Задержавшись в кухне, я услышал, как она ласково обратилась к моей невесте:

– Послушайте меня, Валечка, не надо выходить за него замуж. Я знаю своего сына – он вас бросит.

– Разве он плохой? – спросила Валя.

– Он очень хороший, – сказала мама. – Но с ним целая трагедия. Мне неловко выдавать его тайну…

– Я знаю, – сказала Валя. – Это все уже в прошлом.

– Он сам вам так говорил?

– Нет, он не говорил, но я чувствую…

– …А где твоя мама? – спросила меня Валя на ростовском бульваре.

– Умерла.

В Ленинграде я поселился в Саперном переулке, в квартире отставного журналиста из санкт-петербургских «Биржевых ведомостей».

Сдавая мне темную комнату прислуги рядом с кухней, он прежде всего пригласил меня в уборную и показал, как надо спускать воду в унитаз.

– Прошу вас повторить при мне, – сказал хозяин.

Его усатая жена предупредила меня, что я не должен пользоваться парадным ходом и ванной.

– Это не значит, – сказала она, – что вам не следует ходить в баню.

В квартире было тихо, как в погребе. Из хозяйских комнат не доносилось ни звука. Обутые в войлочные туфли, супруги бесшумно бродили по квартире, неотвратимо появляясь за моей спиной.

Я зажигал свет в кухне – они его гасили.

Я открывал кран над раковиной – они его закрывали.

Я разжигал примус – они его укрощали.

Перед сном до меня доносился скрежет запоров, звяканье цепей и разноголосое щелканье замков. На ночь хозяева закрывались внутри квартиры и от меня. Мне казалось, им не скучно в этом лютом одиночестве: подозрительность и недоверие к людям отнимают у человека много времени и сил. Конвоируемый этими чувствами, он занят круглые сутки. Доверчивому человеку хуже: одиночество непереносимо для него. В первые три месяца я не видел Ленинграда.

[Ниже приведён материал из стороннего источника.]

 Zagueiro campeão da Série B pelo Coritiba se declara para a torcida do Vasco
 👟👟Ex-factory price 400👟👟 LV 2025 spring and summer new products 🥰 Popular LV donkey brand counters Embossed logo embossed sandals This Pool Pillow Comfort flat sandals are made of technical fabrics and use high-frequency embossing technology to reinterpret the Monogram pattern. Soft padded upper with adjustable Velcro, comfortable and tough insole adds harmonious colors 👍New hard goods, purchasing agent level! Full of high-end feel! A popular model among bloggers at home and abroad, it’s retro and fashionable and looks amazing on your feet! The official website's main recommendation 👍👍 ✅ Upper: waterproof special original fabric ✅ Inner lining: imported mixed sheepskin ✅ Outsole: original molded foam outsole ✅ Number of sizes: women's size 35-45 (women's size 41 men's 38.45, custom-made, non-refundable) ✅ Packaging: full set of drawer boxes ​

Разложив в пустых папиросных коробках деньги, привезенные из дому, я судорожно готовился к экзаменам в институт. Всю свою жалкую наличность я разменял в магазинах на девяносто равных порций – по рублю в день. Аккуратно сложенные, они соблазняли меня донельзя. И чтобы выстоять, я ограничил свои прогулки тоскливыми маршрутами: скучная, как труба, Бассейная улица, обрубки переулков рядом с моим Саперным, безликая Знаменская – вот все, что я себе позволял.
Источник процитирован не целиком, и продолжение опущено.